Il neige sur les fraises

Je sors les poubelles, il me neige dessus. C’est non.

Photo : L'actualité

C’est non. Il neige sur les fraises que vend le marchand à côté de chez moi. Le mois de mai est avancé. Je sors les poubelles, il me neige dessus. C’est non. Je vous résume la situation : ces temps-ci, tout est de la merde. C’est ça qu’on devrait écrire dans nos fenêtres. Avec des arcs-en-ciel bruns. Tout est de la merde, mais comme je ne suis pas entièrement devenue le Schtroumpf grognon, je rajouterais tout de même : « Tout est de la merde… Mais on est ensemble ».

C’est tout ce que je trouve de positif dans ma vie ces jours-ci. Oui, l’odeur du pain, oui les coccinelles que ma fille trouve dans la cour, oui les jonquilles qui disent bonjour quand je passe… Mais la seule chose qui me console, c’est vous. Les gens. Et en particulièrement « mes gens ».

Les gens que j’ai choisis et qui peuplent ma vie. Mes voisins et les passants qui nous saluent en promenant le chien, mais surtout mes proches. Les gens directement impliqués dans ma vie, qui vivent la même chose que moi et à qui je parle très fréquemment. La spontanéité du contact avec mes enfants, mes parents, mes frères et sœurs et mes amis. Sans ça, je suis rien. Rien. Si j’ai pas rire avec mon mari le soir quand les enfants dorment et qu’on se raconte les conneries qu’ils ont faites pendant la journée, j’ai rien.

Si j’ai pas parler à mon père quand je vais moins bien, le faire rire au téléphone en lui disant que tout est de la merde, si j’ai pas la voix de ma mère qui me cherche des solutions, si j’ai pas ma copine Charlotte qui est enceinte et me rappelle par sa résilience comment on est fait fortes, j’ai rien.

Si j’ai pas l’amour de tous ces gens et leurs voix et leurs vies, si j’ai pas mes enfants qui sortent de nulle part avec une console vidéo portable et qui me racontent des niveaux de jeux et des monstres à battre que je ne comprends pas, j’ai rien.

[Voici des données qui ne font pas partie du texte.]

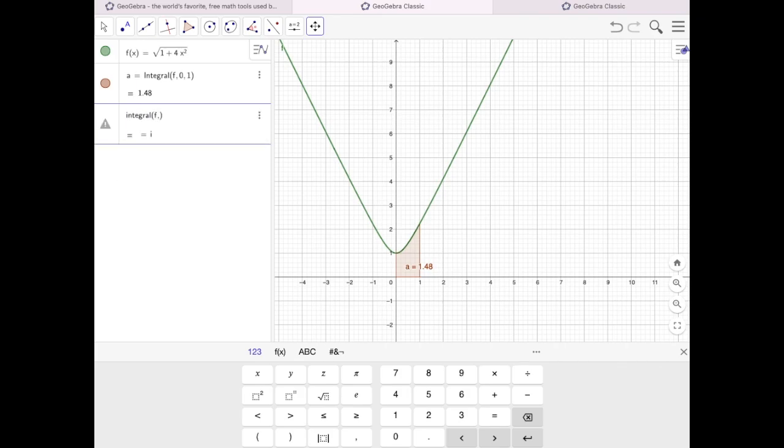Integral f, 0, 2. Let me hide this one. And there it is.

Si j’ai pas leurs petites voix, leur peau de poulet… Si j’ai pas papoter avec ma voisine pendant que je tiens une moppe sur mon perron et qu’on potine comme des concierges d’immeuble, j’ai rien.

Tout cela me maintient en vie. Même quand les mots ne veulent plus rien dire, même quand les conversations tournent en rond, même quand je parle deux secondes au facteur, à un livreur, à quelqu’un qui met mon épicerie dans un sac, si j’ai pas tout ça, j’ai rien.

C’est la seule chose que j’ai, les gens. Et vous, que ça aille ou que ça n’aille pas, je sais que vous êtes là.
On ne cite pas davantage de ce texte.